Making conda fast again

Explaining how we’ve created the mamba prototype, a solver for conda environments that is hopefully fast enough to support a conda-forge with hundreds of thousands of packages.

4 min readMar 28, 2019

You might have seen the announcement on Twitter: at QuantStack we’ve been working on making a prototype of a conda-compatible package manager called mamba. Conda is a great tool to distribute data science packages. The community-led conda-forge comprises tons of awesome packages. The Anaconda company supplies us with recent and well integrated compilers. And conda-build is simply amazing to build binaries across different platforms (Windows, Linux and OS X). At QuantStack we use conda all the time to package Python, C++, Julia and R packages, and ship them to clients around the world.

However, due to the growth of conda-forge (it’s got over 60'000 packages for Linux right now) many users have made experience with the “conda: Solving environment” spinner. It’s been frustratingly slow for a while now.

At QuantStack, one of our main expertises is building High Performance applications for customers, mainly using C++.

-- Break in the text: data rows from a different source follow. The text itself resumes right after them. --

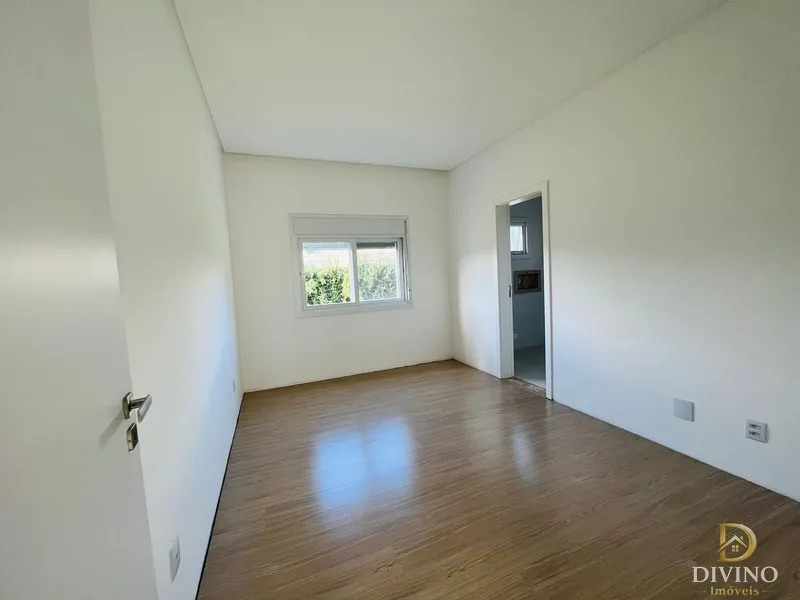 Casa Nova - Condomínio Marítimo com 3 Suítes à venda, 204m²: 19ª foto da galeria de imagens do imóvel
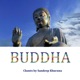 Meditation Music - Buddha Soul Chimes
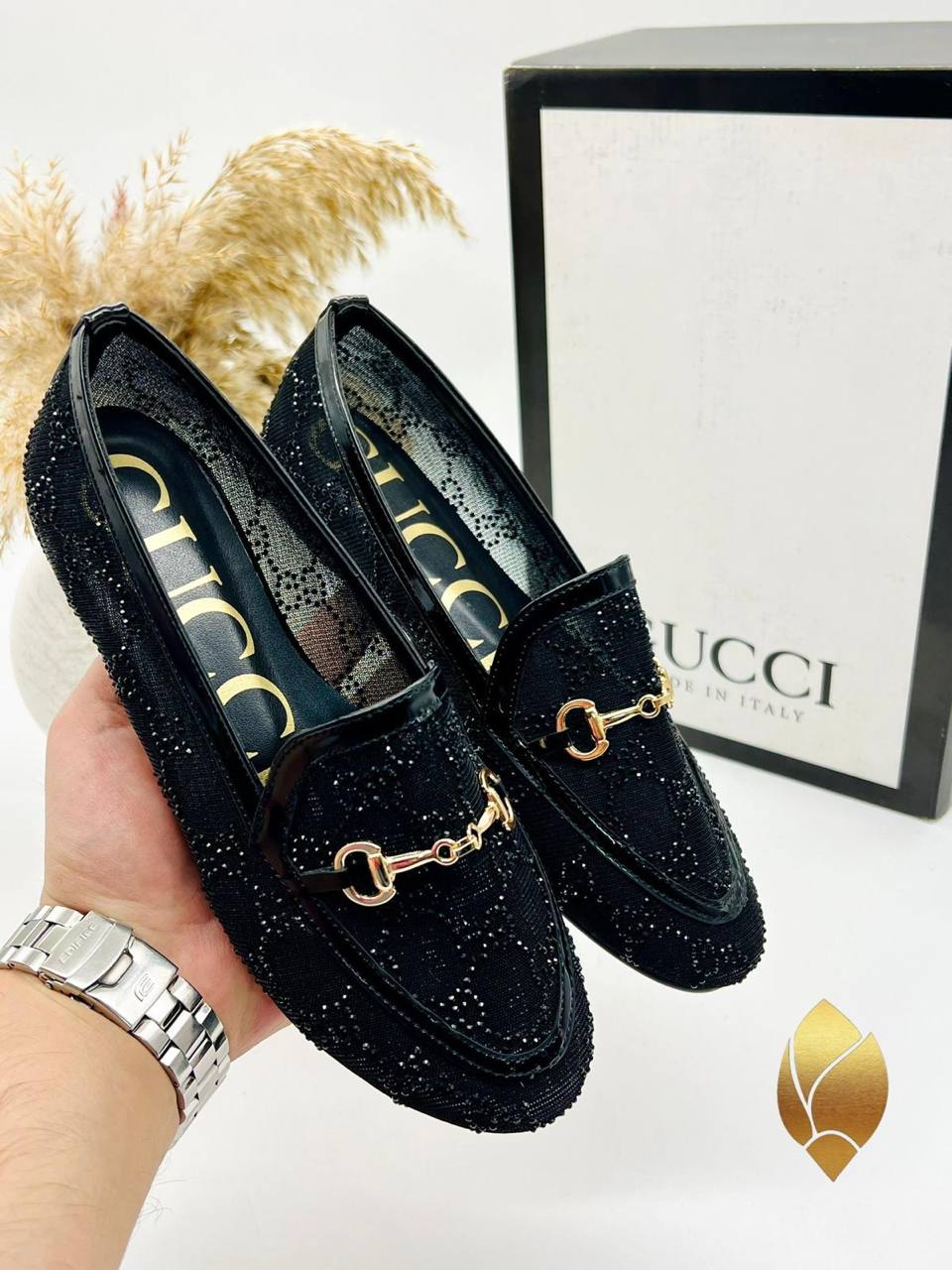 Γυναίκεια Gucci Shoes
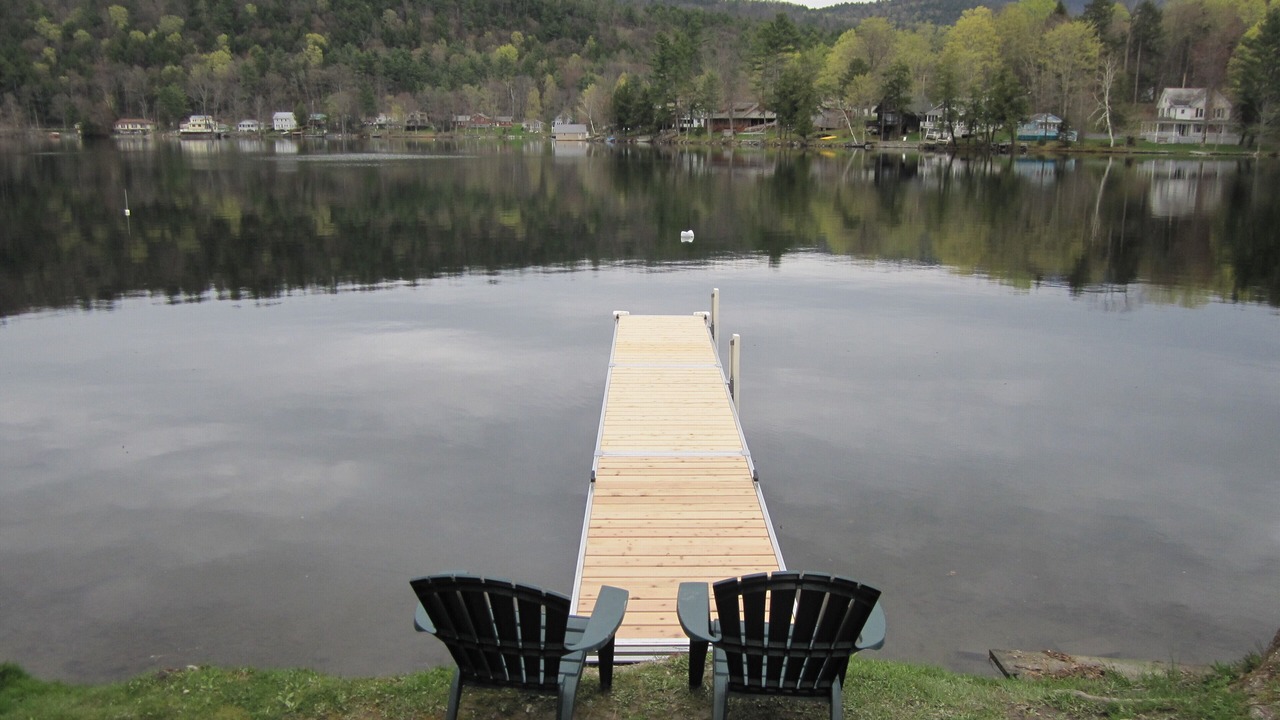 Photo of Outdoor in Wells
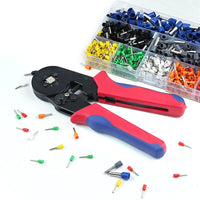 450Psc/set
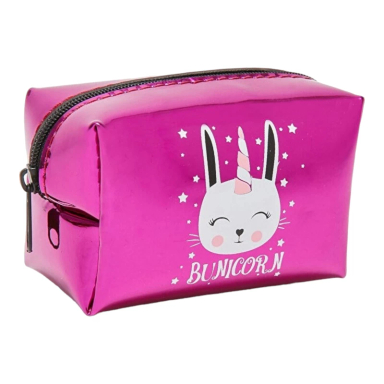 جاکارتی زنانه ال سی وایکیکی مدل 6767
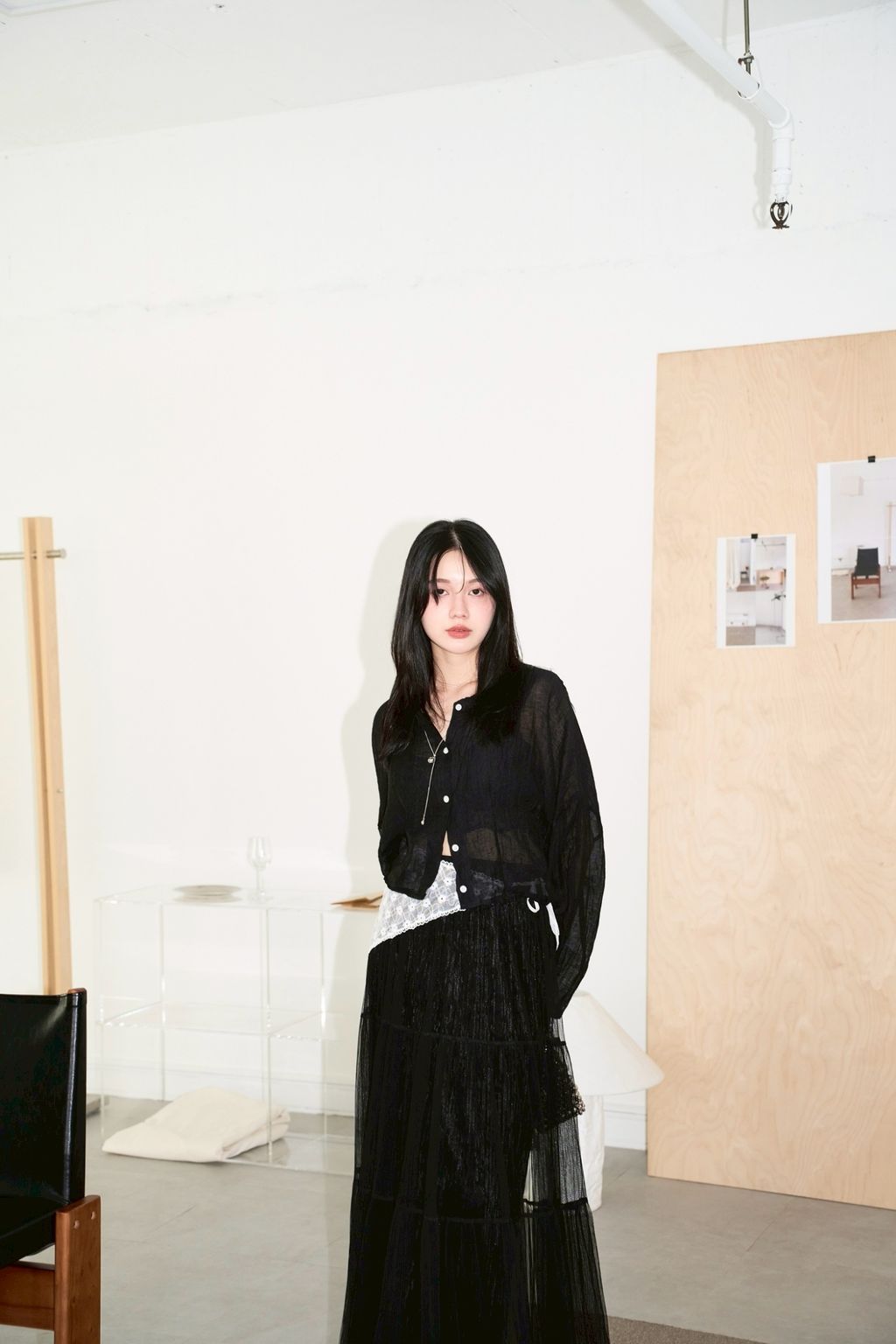 LINE_ALBUM_2507-2_p1_250717_14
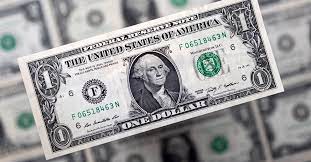 Tipo de cambio en Per?: sepa cu?l es el precio del d?lar para este 3 de enero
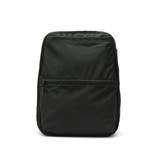 5年保証 エーストーキョー リュック | ギャレリア Bag＆Luggage | 詳細画像12 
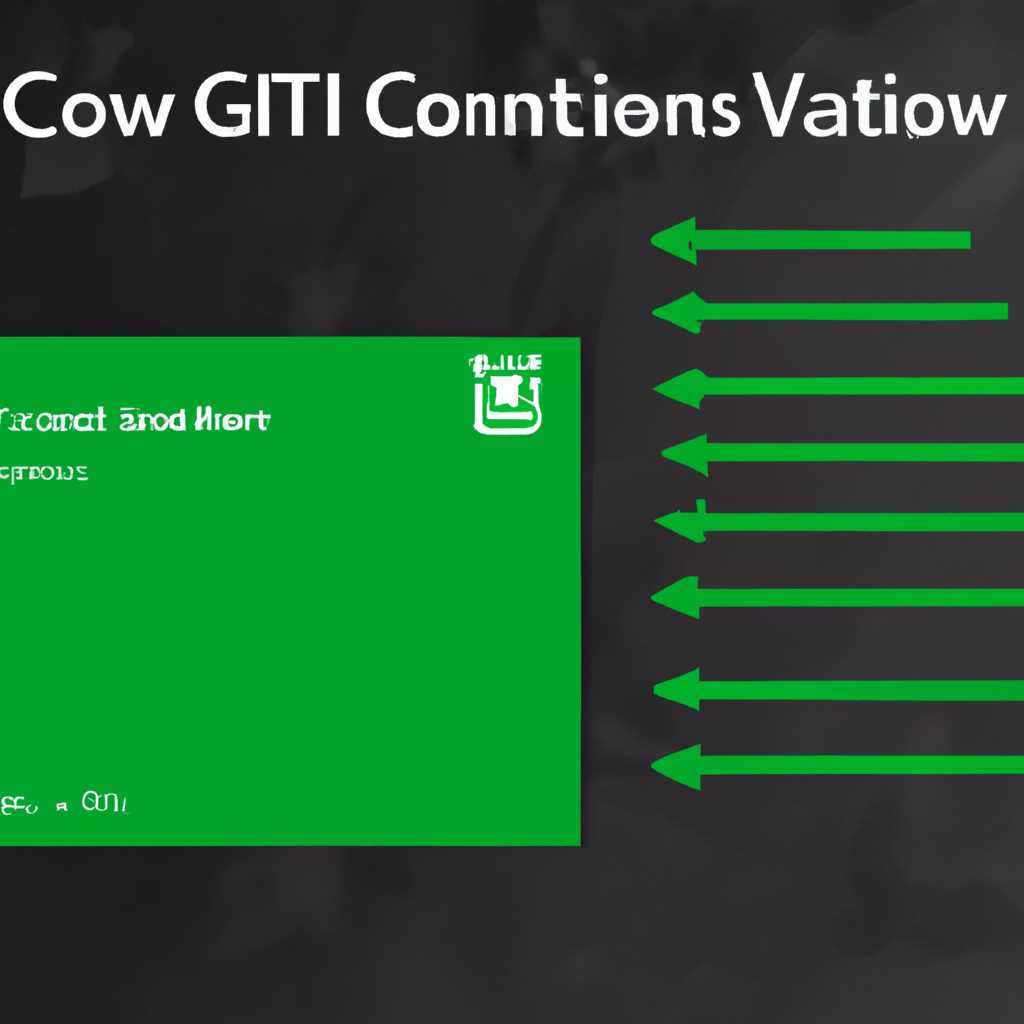 Как восстановить панель управления NVIDIA в Windows 10: 8 простых шагов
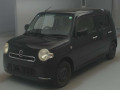 2013 Daihatsu Mira Cocoa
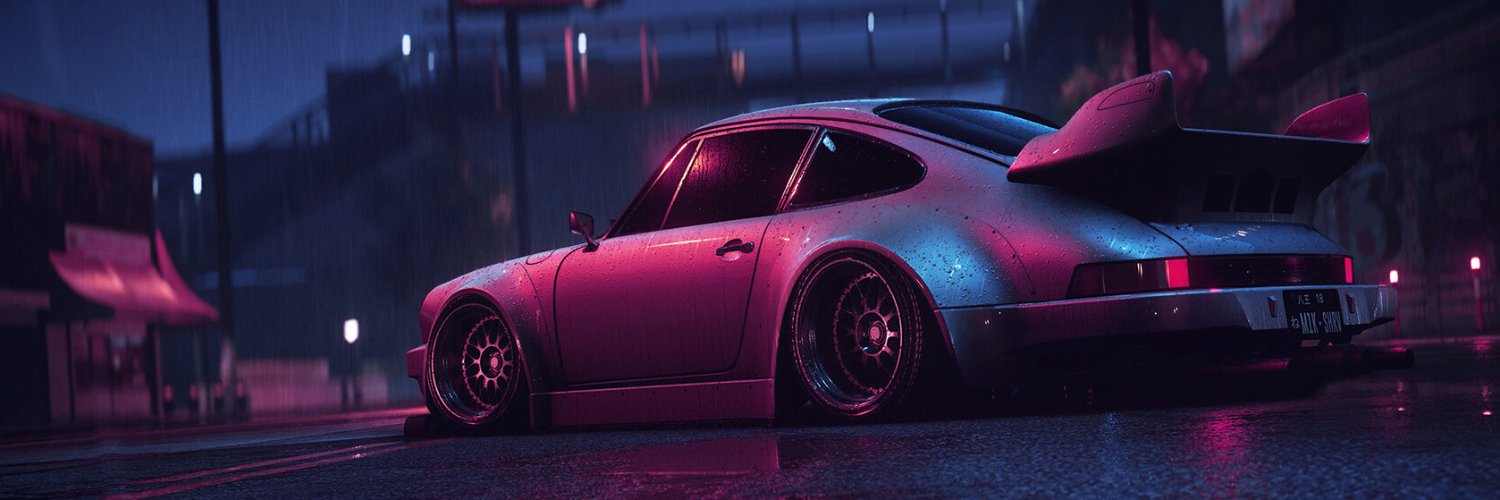 JohnJSims's profile banner image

To make conda faster we propose to

Build a Python extension using C++, pybind11 and compile it with all optimizations enabled
Use the existing libsolv library, that powers package managers like Fedora’s DNF or OpenSUSEs zypper and (like conda) performs SAT solving to satisfy all package dependencies correctly
For faster parsing of the repodata.json (already 35 MB of JSON for conda-forge) we use a library called simdjson which enables high speed parsing

With the prototype, we manage to solve environments in seconds, as demonstrated in the following video:

This prototype is already available on conda-forge. Existing conda users can install it easily by executing

conda install mamba -c conda-forge/label/mamba-alpha -c conda-forge

The source code for all of mamba can be found on github: https://github.com/QuantStack/mamba

The code is re-using as much from conda as possible. We re-implemented only the repository parsing, and the solving. Thanks to using the existing libsolv abstractions, mamba’s total lines of code are roughly 300 lines of Python, mostly adapted from conda, and 600 lines of C++ for parsing the JSON and adding all rules to libsolv. We try to keep this library as small as possible, which also makes it easier to debug and reason about.

We’re currently ironing out some low-hanging bugs, but actively looking into ways to further fund this work. We already have some promising leads, but if you know of an organization or company willing to sponsor some days of development for these tools, that would be great. We’re doing this with the goal of upstreaming the work into the original conda package manager at some point in the future.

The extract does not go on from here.